Postby noahrs » Sun Sep 23, 2012 4:12 pm

I am doing a project on pyrocystis lunula and I need to know at what depth they can reach and how cold that is. I have searched for days and cannot find this information. Any help would be appreciated!
noahrs
 
Posts: 1
Joined: Sun Sep 23, 2012 3:31 pm
Occupation: Student: 8th Grade
Project Question: What is the deepest depth in the ocean pyrocystis lunula can be found?
Project Due Date: October 23, 2012
Project Status: I am conducting my research

Re: Ocean depth and temps

Postby sarahlaugtug » Mon Sep 24, 2012 7:11 pm

Hello NoahRS,
Thanks for the question. I assume you are doing this project? http://www.sciencebuddies.org/science-f ... background. If not, what project are you doing? What is your "scientific question"? Have you come up with a hypothesis, yet?

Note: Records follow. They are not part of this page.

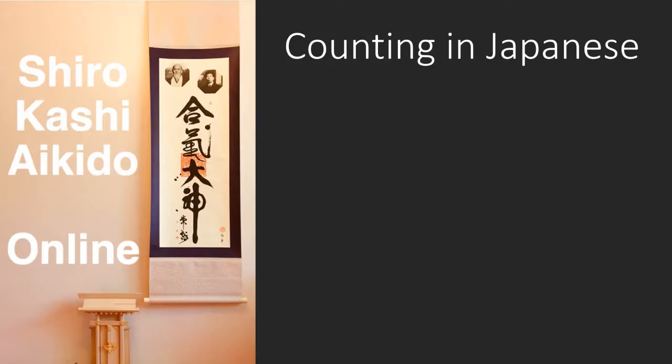Hello and welcome to another online training session with Shiro Kashi Aikido. In this class I'll be showing you how to count in Japanese. Usually you'll only need to count if you're demonstrating one of the Jokata. In my club I'm happy for beginners to count in English, but by the time a student reaches say 3rd Kyu or about Green Belt, I'd hope they can count to 31. And certainly by the time they take a Shodan they'll need to be able to do this. So the sooner you learn the better — it's actually quite easy and something you can learn on your own away from the dojo.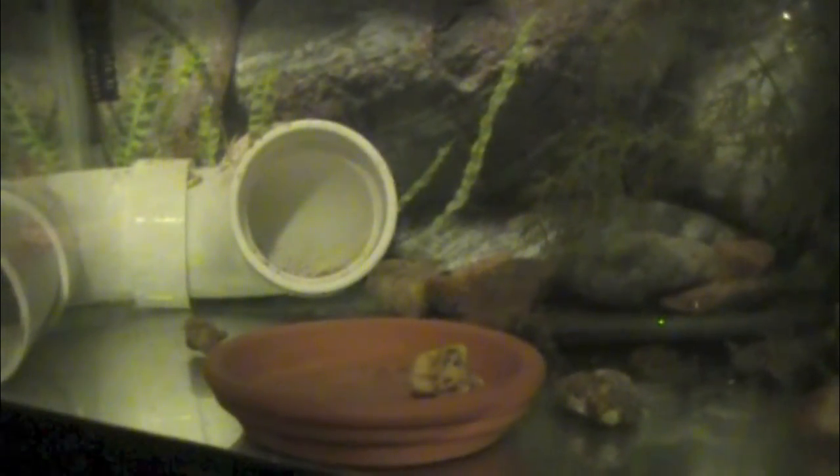Axolotls eat bloodworms, fish, and I also feed them ghost shrimp, which they like to eat as a snack. A good thing about ghost shrimp is that they eat basically all the waste that the axolotl produces when they eat.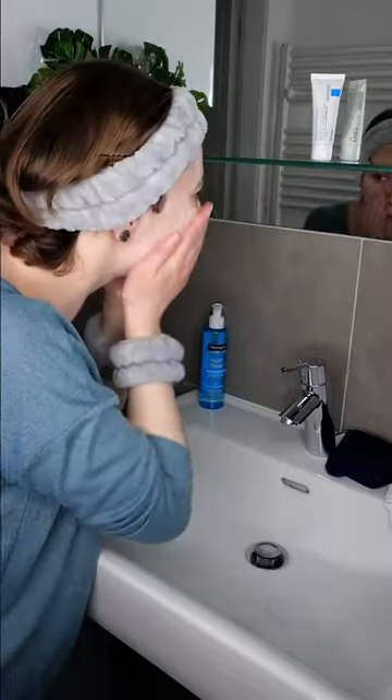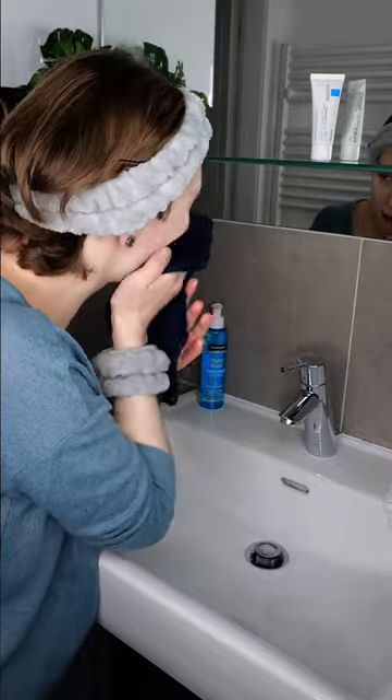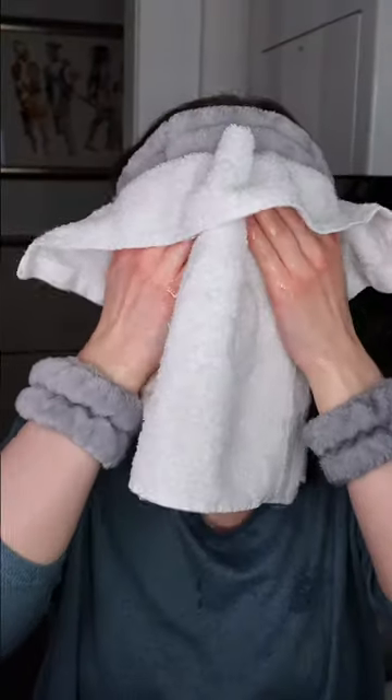First, you need to wash your face. Then it is important to remove all the water drops from the skin's surface so that the balm spreads evenly. Take a clean towel and gently pat all over to remove them.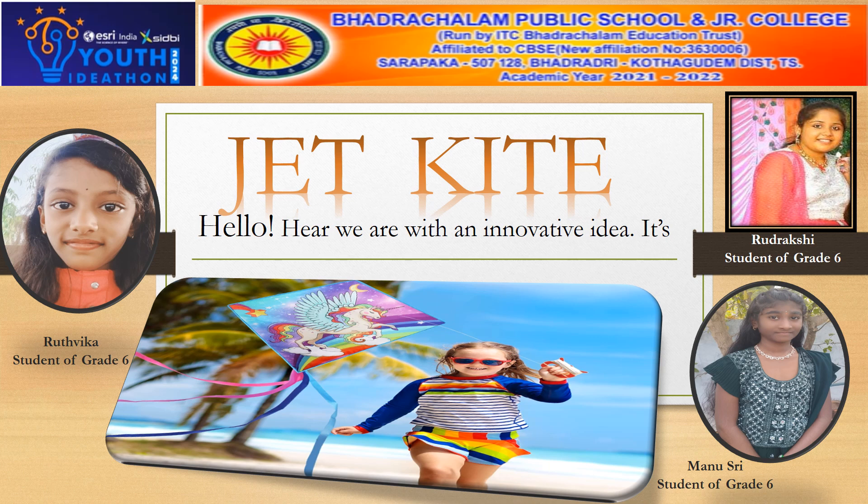Hello all, this is Rutvika from Badrachanam Public School studying grade 6. Today I am here to tell you about my innovative idea: jet kite interaction.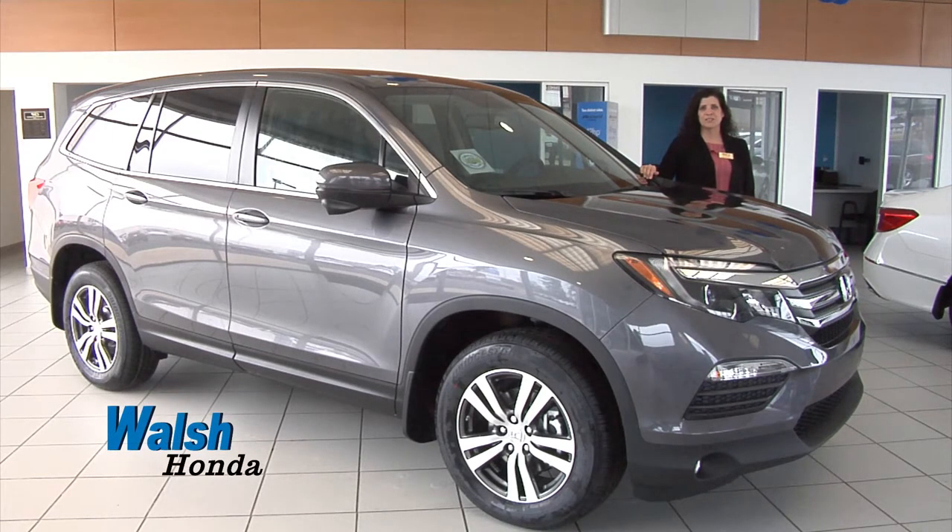Hey everyone, Laura Meeks here with Walsh Honda. Today I'm going to show you a few of the key features of your Apple CarPlay on your 2018 Honda Pilot. This video also serves to show you how to use those features on your 2018 Honda Ridgeline from Walsh Honda.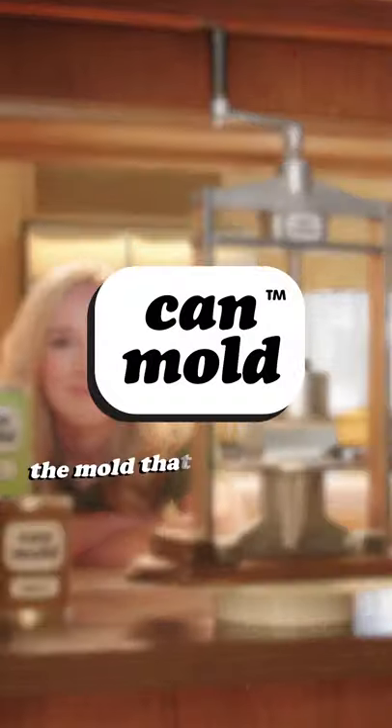This Thanksgiving, be thankful for can mold. Can mold — the mold that never gets old.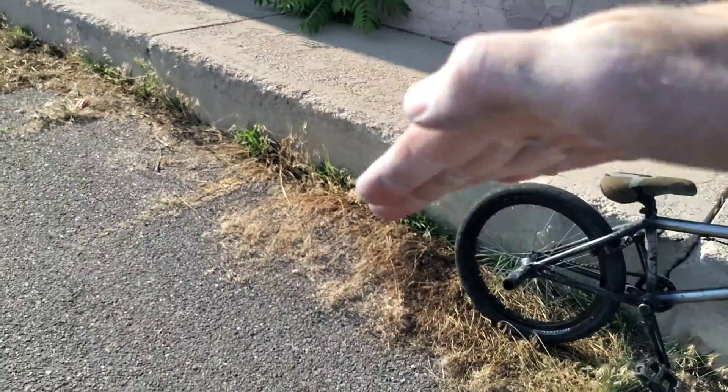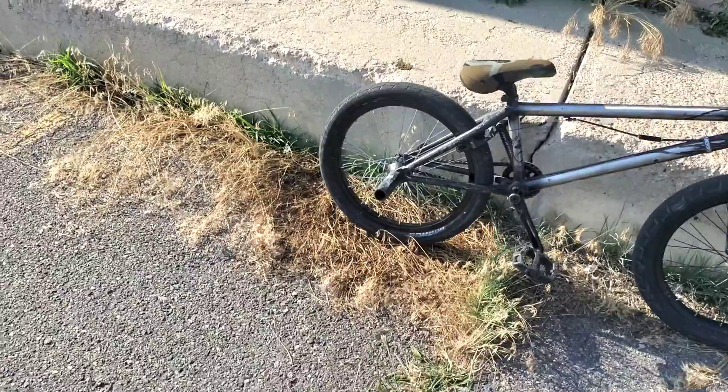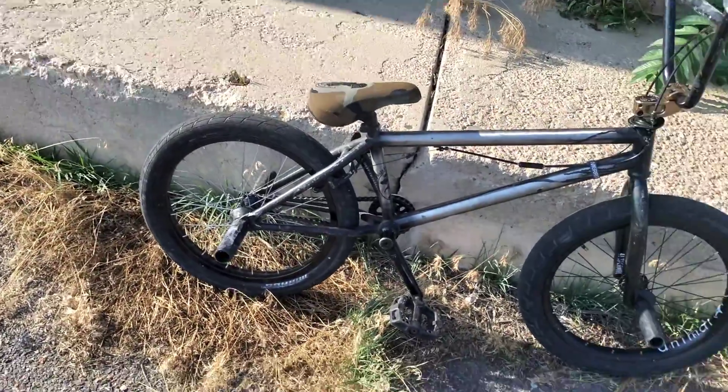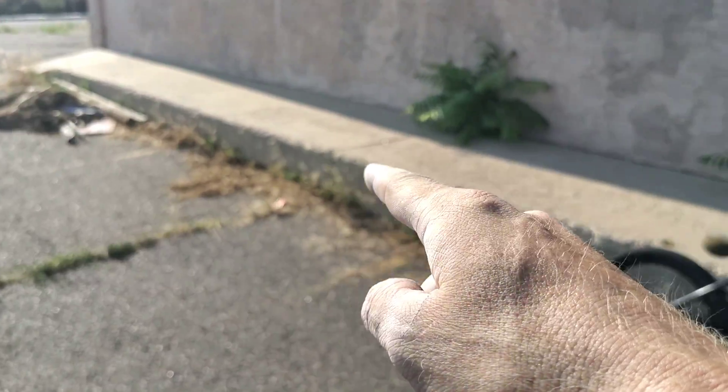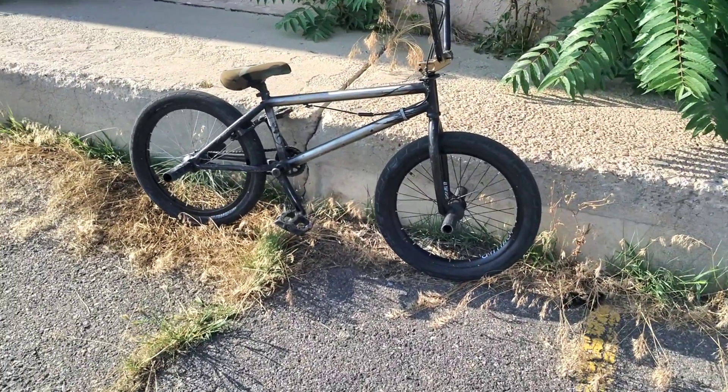I've never done — what is it, a nose manual hop off the curb thing? Higher than a curb. I mean, I've done it into banks and stuff, but that's a smooth transition. So I'm gonna try to work my way further and further up this until I'm about right here, and I can get over my fear of doing those.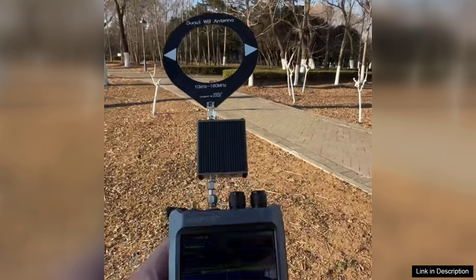Overall, the Donut Broadband Antenna is an excellent investment for anyone looking for a reliable and easy-to-use antenna. Its wide frequency range, straightforward setup, and solid performance make it a top choice for radio enthusiasts seeking a universal solution. Highly recommended.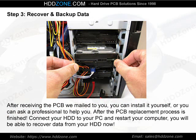Step 3: Recover and Backup Data. After receiving the PCB we mailed to you, you can install it yourself, or you can ask a professional to help you. After the PCB replacement process is finished, connect your HDD to your PC and restart your computer. You will be able to recover data from your HDD now.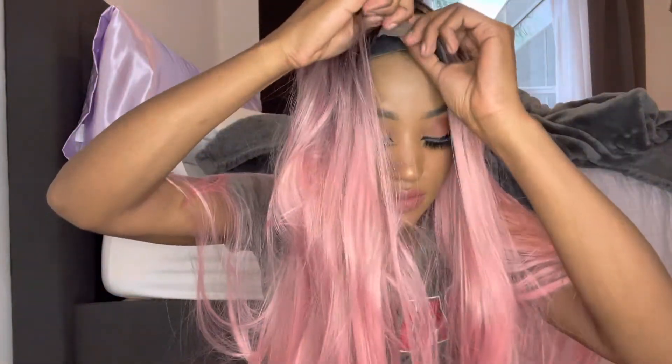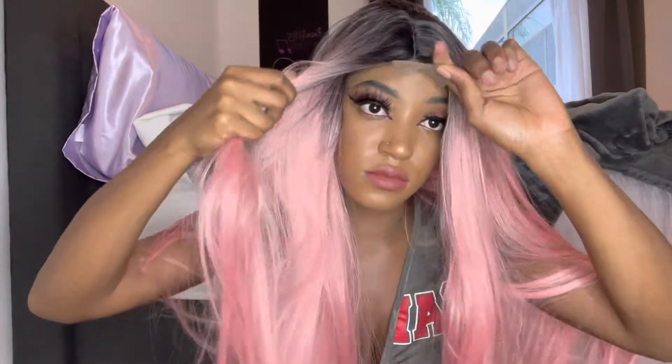I haven't done anything yet — I'm gonna put the wig on and let's see how it looks. They sent me this color; it is called rose. This is without cutting the lace off.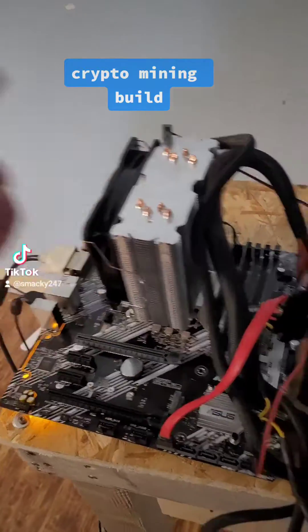Easy build — anybody could do this. Everything's going to fire up here. I got the boot menu already configured to start up because it came from an SSD from an older computer. Still got to format the hard drive, but it all works, it all fires up.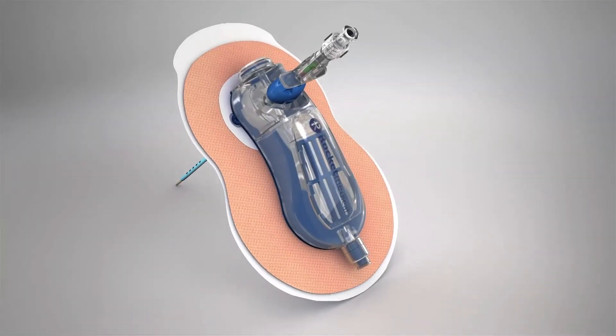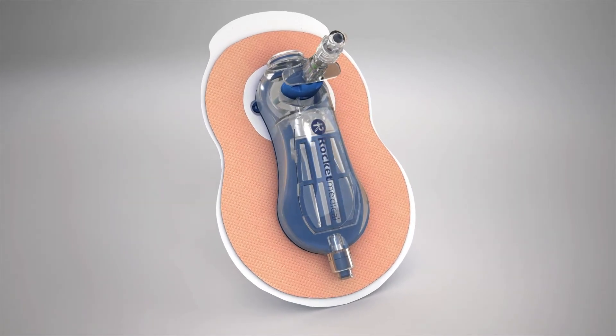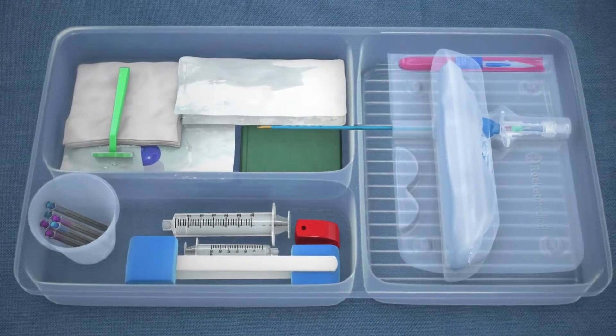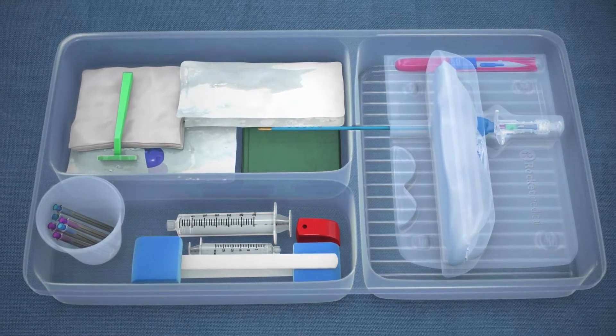The Rocket Medical Plural Vent has been designed for the ambulatory treatment of spontaneous and iatrogenic simple pneumothorax, and comes with a procedure tray with the required components for the insertion procedure.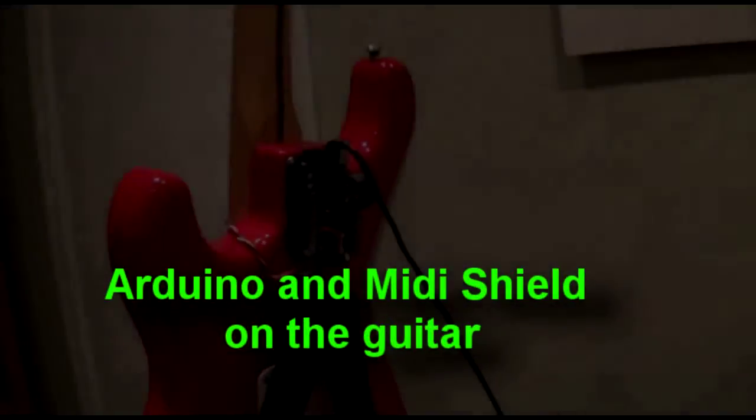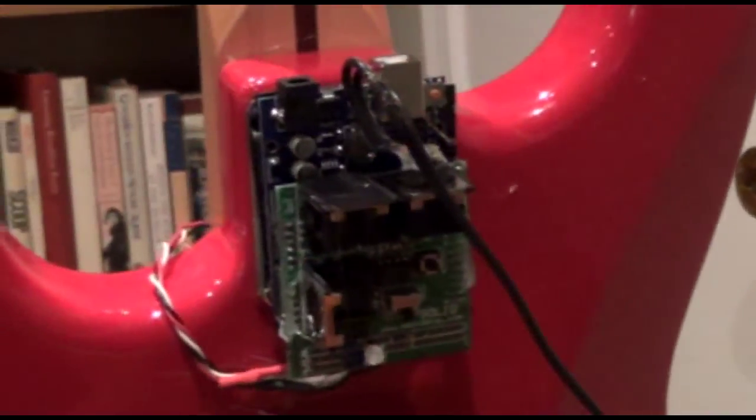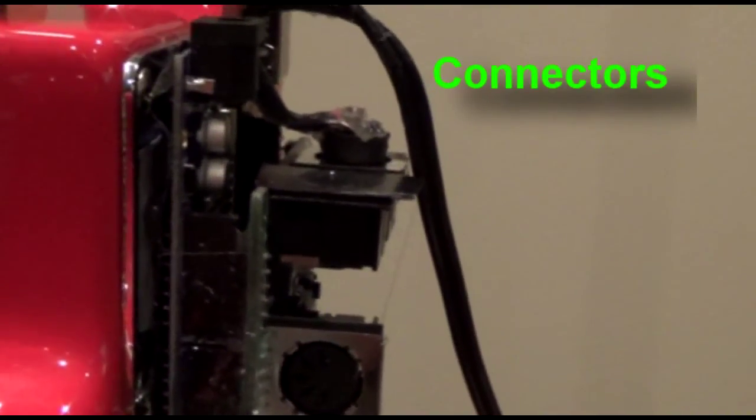This is the Arduino and the MIDI shield mounted on the back of the guitar. I send MIDI musical note data to the shield, transfer the data to the Arduino, run a sketch to recognize the specific note played, and light the correct note slash LED on the guitar fretboard.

If you have not done so already, the answer can be found on that project page in the "background information" section (see link above). There you can find their ideal living temperature. You can then use that information to look up how deep in the ocean they can be found, based on the temperature and depth of water.

A great way to get information is to first identify an article that addresses the topic you are interested in. Look at the bottom of the webpage (or at the end of the book) at the "References" or "Literature Cited" section to find similar information. Researchers who perform experiments (just like you are doing) always do research first, to find out about organisms, in your case, P. lunula.

Here is some information on bioluminescence:
http://www.annualreviews.org/eprint/pbW ... 308-081028

A website all about Bioluminescence!
http://www.lifesci.ucsb.edu/~biolum/
http://www.lifesci.ucsb.edu/~biolum/org ... ohome.html

Also, one last tip for researching online: Google has a search engine, "Google Scholar": http://scholar.google.com/. You can find articles from scientists and researchers here. The information you get from those articles will be more accurate than those from wikipedia. Let me know if you have trouble using this site, there is a TON of information, some of which may be really confusing.

Once you get to a website, here are some tips to use so you know if it is a resource with good scientific information:
1. Use the "search" function...(Control + f) to look up key words such as bioluminescence, P. lunula, dinoflagellates, etc.
2. Does this article or book address your topic? Have your scientific question in mind when looking for answers
3. Is this a legitimate website? Was it written by a University, Research team, biologists, Scientific papers/journals?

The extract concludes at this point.